The State National Bank of Big Spring, Texas, the 60-Plus Association, and the Competitive Enterprise Institute filed suit against the Consumer Financial Protection Board alleging that the CFPB, as currently structured, is unconstitutional. Specifically the suit alleges that the CFPB lacks political accountability because, among other things, the President cannot remove the Bureau’s director save for cause and Congress cannot exercise control over the Bureau’s budget. Further, the suit notes, the Dodd-Frank statute limits judicial review of CFPB actions. “As a whole, Dodd-Frank aggregates the power of all three branches of government in one unelected, unsupervised and unaccountable bureaucrat,” commented former White House counsel C. Boyden Gray, who is representing the plaintiffs. Of note, CEI served as plaintiffs co-counsel in Free Enterprise Fund v. Public Company Accounting Oversight Board, which invalidated limitations on the removal of PCAOB members.

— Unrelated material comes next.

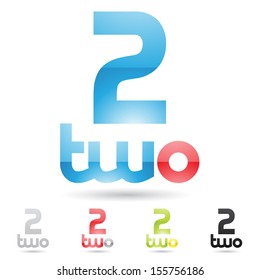 vector illustration of colorful and abstract icons for no two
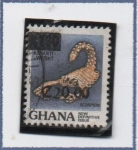 Stamps Ghana -  Escorpion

CEI has more info on the suit here.
[Note: Corrected]
UPDATE: Boyden Gray and State National Bank of Big Spring CEO Jim Purcell have an op-ed in Friday’s WSJ on the unconstitutional aspects of the CFPB and the Financial Stability Oversight Council. Here’s an excerpt:
Dodd-Frank created both the Financial Stability Oversight Council and the Consumer Financial Protection Bureau, giving each agency effectively unlimited power. The FSOC can declare a financial firm “systemically important”—that is, too big to fail—based on “any” “risk-related factors” that it “deems appropriate.” And the CFPB can punish even responsible lenders who in good faith offer loans that the bureau later deems to be “unfair,” “deceptive” or “abusive.” . . .
Ordinarily, when regulators wield broad power, their discretion is still limited by checks and balances. The Constitution empowers the president and Congress, as well as our courts, to prevent regulators from running amok with excessive, arbitrary or even partisan regulations.
But Dodd-Frank does not honor checks and balances. It eliminates them. The CFPB is not subject to Congress’s “power of the purse,” which James Madison knew to be Congress’s “most complete and effectual weapon.” Instead, Dodd-Frank lets the CFPB claim more than $400 million from the Federal Reserve each year and prohibits Congress from even reviewing that budget. The president’s control over the CFPB is limited because by law he can remove the agency’s director only under strictly limited circumstances. Finally, Dodd-Frank limits the courts’ review of CFPB’s legal interpretations. . . .
The FSOC is similarly free from checks and balances. For example, when the Council—a working group of the Treasury secretary, Federal Reserve chairman, comptroller of the currency, and other unelected regulators—anoints a financial institution as too big to fail, the courts are prohibited from even reviewing whether the regulators properly interpreted the applicable laws.